Los jugadores y sus dirigentes tienen que ser profesionales en todo, dentro y fuera del terreno, con las responsabilidades sociales que ello implica, tienen que aprender a relacionarse con los medios, a ser cuestionados, sin tomar las críticas como algo personal o nocivo para el sistema político que impera en la isla.
Pero además, profesionales con los beneficios económicos que conlleva dedicarse en cuerpo y alma y a tiempo completo a esa actividad, sin las preocupaciones extradeportivas de quienes tienen que salir a luchar el pan de cada día a como dé lugar.
Si los equipos pasan a ser empresas privadas con la capacidad de contratar jugadores, según sus capacidades financieras, entonces podrán atraerse a la liga doméstica peloteros importados, que ayudarán a elevar el nivel del certamen cubano.
No tienen incluso que ser peloteros nacidos en otros países. Basta con llamar a jugadores cubanos que ya han crecido deportivamente por su paso por otras ligas foráneas y tienen mucho que aportarle al béisbol de su país natal.
Pero para ello, entre otras cosas, hay que desterrar definitivamente esos epítetos de traidores y desertores que se le han endilgado por décadas a quienes, ya por discrepancias ideológicas o por el deseo de una vida mejor, deciden buscar nuevos aires.
Hay cubanos que ya dejaron de ser material de Grandes Ligas, pero que les queda todavía gasolina en el tanque y un caudal de experiencia para desempeñarse en otros certámenes regionales.
¿Dónde mejor que en el mismo béisbol donde nacieron como peloteros?

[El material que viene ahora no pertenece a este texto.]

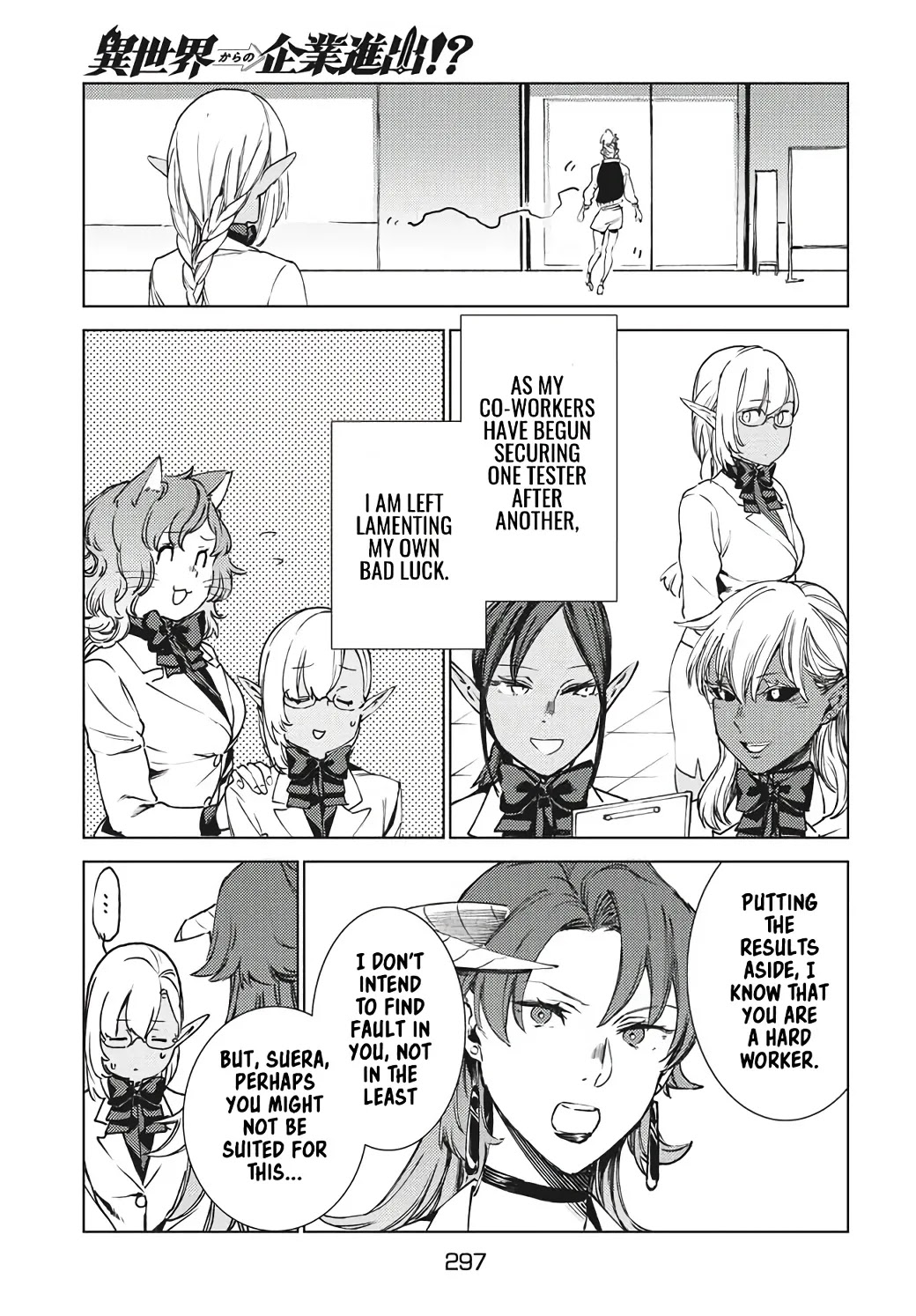 Starting a business in another world!? ~Former corporate slave change jobs and advances in a different world! Building a labyrinth that is impenetrable by the Hero~ Chapter 14 page 8 - Chapter 14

No tengan miedo a los cambios. Cuando Fidel Castro eliminó el profesionalismo en 1962, el nuevo sistema, a pesar de ser cualitativamente inferior, tuvo que conquistar a un público acostumbrado a una liga profesional consolidada por más de siete décadas de existencia y lo consiguió.
Si los cambios que se necesitan son para mejorar un espectáculo decadente, la tarea de enamorar a la fanaticada será más fácil, aunque para ello se requiera de altas dosis de valor, buena voluntad y mucho trabajo que saquen del inmovilismo al béisbol cubano.